→ Directions for this task:
Set down exactly the first line of the entries and every line after it, through the line with "atelier bijoux émaillé".

[Stored items from a collection]
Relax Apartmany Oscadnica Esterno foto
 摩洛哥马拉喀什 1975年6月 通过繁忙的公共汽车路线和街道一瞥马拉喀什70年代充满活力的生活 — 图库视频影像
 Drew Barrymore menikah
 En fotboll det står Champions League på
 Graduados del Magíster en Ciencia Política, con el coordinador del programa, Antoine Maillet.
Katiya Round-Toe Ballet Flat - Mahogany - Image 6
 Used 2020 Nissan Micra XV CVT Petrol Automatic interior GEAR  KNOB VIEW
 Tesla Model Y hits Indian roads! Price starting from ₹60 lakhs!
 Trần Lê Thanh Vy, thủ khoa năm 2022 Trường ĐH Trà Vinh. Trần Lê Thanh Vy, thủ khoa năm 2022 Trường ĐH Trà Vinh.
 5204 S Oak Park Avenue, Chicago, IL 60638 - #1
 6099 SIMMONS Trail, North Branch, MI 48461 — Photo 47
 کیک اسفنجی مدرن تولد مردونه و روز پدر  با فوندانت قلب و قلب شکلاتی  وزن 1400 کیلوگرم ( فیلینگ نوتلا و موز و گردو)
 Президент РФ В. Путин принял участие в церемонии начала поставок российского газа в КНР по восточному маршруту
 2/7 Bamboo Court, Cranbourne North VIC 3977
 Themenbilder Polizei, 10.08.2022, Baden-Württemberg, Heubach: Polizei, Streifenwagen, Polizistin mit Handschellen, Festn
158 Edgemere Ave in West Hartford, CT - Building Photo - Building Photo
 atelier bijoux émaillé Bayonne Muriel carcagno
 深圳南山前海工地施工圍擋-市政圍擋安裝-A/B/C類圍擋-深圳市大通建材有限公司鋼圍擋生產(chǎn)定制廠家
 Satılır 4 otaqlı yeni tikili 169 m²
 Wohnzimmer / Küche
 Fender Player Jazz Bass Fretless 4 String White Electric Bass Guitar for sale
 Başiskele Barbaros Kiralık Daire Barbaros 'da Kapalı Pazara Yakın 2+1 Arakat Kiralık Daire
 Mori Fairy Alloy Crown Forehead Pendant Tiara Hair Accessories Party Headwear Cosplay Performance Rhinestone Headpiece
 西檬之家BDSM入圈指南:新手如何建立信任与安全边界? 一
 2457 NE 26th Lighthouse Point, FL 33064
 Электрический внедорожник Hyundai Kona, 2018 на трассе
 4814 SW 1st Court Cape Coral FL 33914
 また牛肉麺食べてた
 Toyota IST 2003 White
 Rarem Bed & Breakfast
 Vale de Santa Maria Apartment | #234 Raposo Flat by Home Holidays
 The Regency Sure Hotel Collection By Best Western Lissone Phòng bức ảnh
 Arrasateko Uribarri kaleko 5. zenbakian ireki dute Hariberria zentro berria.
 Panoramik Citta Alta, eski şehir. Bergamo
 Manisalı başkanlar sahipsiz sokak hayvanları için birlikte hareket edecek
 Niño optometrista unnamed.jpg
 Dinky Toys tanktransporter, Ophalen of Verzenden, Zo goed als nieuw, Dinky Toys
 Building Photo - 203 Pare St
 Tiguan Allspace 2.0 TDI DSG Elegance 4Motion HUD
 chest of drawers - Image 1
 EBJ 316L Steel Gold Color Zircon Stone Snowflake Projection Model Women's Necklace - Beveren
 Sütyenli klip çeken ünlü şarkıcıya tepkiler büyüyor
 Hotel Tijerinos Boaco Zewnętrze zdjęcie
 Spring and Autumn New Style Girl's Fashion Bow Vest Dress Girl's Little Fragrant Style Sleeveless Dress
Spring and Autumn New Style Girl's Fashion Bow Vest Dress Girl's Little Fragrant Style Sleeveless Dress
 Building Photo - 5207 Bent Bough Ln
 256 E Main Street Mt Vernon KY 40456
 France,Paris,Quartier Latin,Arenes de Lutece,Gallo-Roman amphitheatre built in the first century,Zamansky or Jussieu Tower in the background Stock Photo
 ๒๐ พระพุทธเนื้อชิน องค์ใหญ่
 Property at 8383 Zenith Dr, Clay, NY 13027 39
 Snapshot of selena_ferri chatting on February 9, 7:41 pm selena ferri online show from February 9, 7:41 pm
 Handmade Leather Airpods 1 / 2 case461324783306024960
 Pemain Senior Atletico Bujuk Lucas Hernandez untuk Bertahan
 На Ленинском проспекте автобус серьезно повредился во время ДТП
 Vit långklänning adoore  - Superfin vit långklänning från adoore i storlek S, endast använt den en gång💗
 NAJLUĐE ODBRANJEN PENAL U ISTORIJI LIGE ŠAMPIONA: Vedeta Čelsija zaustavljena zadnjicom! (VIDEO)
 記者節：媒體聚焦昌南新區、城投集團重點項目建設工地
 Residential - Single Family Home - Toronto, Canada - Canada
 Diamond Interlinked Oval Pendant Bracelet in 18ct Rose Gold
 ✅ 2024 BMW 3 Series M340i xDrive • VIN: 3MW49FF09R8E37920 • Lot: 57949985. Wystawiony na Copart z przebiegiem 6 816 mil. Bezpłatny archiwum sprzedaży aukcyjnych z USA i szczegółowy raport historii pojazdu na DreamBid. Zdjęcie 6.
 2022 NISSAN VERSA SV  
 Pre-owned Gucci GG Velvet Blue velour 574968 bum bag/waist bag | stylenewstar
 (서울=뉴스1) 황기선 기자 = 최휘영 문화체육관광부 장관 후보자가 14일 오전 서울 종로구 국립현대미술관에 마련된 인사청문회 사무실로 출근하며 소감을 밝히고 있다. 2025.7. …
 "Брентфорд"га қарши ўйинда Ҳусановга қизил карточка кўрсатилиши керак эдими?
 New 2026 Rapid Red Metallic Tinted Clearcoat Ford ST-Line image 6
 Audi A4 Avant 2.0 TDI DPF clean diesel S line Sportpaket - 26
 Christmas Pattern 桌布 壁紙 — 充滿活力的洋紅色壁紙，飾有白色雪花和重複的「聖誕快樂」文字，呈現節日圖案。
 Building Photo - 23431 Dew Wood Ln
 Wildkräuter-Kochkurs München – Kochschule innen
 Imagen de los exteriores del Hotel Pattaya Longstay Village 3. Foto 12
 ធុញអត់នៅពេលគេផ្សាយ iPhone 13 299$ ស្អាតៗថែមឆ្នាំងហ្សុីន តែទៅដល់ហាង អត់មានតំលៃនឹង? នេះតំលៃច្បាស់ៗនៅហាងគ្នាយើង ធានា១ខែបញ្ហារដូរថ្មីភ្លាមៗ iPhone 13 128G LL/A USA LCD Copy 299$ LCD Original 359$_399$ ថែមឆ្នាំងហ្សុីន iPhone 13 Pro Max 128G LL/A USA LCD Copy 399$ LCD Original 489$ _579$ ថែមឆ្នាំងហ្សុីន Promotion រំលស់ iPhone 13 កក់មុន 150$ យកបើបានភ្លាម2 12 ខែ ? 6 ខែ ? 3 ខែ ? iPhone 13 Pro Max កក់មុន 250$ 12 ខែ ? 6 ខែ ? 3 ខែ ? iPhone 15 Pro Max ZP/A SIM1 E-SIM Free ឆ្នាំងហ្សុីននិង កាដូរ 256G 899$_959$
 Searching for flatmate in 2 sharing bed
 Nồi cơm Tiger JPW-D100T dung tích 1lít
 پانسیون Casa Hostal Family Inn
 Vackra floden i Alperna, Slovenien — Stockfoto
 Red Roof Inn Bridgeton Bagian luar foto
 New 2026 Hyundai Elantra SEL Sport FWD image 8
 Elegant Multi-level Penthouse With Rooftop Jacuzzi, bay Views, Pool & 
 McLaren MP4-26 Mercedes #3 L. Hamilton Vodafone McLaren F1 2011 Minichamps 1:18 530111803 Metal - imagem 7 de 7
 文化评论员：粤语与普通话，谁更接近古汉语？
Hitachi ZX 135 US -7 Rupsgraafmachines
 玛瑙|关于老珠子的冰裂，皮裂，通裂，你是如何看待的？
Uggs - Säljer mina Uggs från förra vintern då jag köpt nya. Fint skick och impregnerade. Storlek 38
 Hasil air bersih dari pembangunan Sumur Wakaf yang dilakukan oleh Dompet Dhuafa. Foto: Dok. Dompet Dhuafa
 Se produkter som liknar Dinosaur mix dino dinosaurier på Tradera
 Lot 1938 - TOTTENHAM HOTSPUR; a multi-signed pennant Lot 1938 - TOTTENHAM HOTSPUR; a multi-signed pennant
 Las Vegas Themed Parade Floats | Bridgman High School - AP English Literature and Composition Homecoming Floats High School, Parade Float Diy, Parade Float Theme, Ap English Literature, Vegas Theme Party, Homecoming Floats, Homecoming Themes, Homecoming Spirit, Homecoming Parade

→ Written solution:
Relax Apartmany Oscadnica Esterno foto
 摩洛哥马拉喀什 1975年6月 通过繁忙的公共汽车路线和街道一瞥马拉喀什70年代充满活力的生活 — 图库视频影像
 Drew Barrymore menikah
 En fotboll det står Champions League på
 Graduados del Magíster en Ciencia Política, con el coordinador del programa, Antoine Maillet.
Katiya Round-Toe Ballet Flat - Mahogany - Image 6
 Used 2020 Nissan Micra XV CVT Petrol Automatic interior GEAR  KNOB VIEW
 Tesla Model Y hits Indian roads! Price starting from ₹60 lakhs!
 Trần Lê Thanh Vy, thủ khoa năm 2022 Trường ĐH Trà Vinh. Trần Lê Thanh Vy, thủ khoa năm 2022 Trường ĐH Trà Vinh.
 5204 S Oak Park Avenue, Chicago, IL 60638 - #1
 6099 SIMMONS Trail, North Branch, MI 48461 — Photo 47
 کیک اسفنجی مدرن تولد مردونه و روز پدر  با فوندانت قلب و قلب شکلاتی  وزن 1400 کیلوگرم ( فیلینگ نوتلا و موز و گردو)
 Президент РФ В. Путин принял участие в церемонии начала поставок российского газа в КНР по восточному маршруту
 2/7 Bamboo Court, Cranbourne North VIC 3977
 Themenbilder Polizei, 10.08.2022, Baden-Württemberg, Heubach: Polizei, Streifenwagen, Polizistin mit Handschellen, Festn
158 Edgemere Ave in West Hartford, CT - Building Photo - Building Photo
 atelier bijoux émaillé Bayonne Muriel carcagno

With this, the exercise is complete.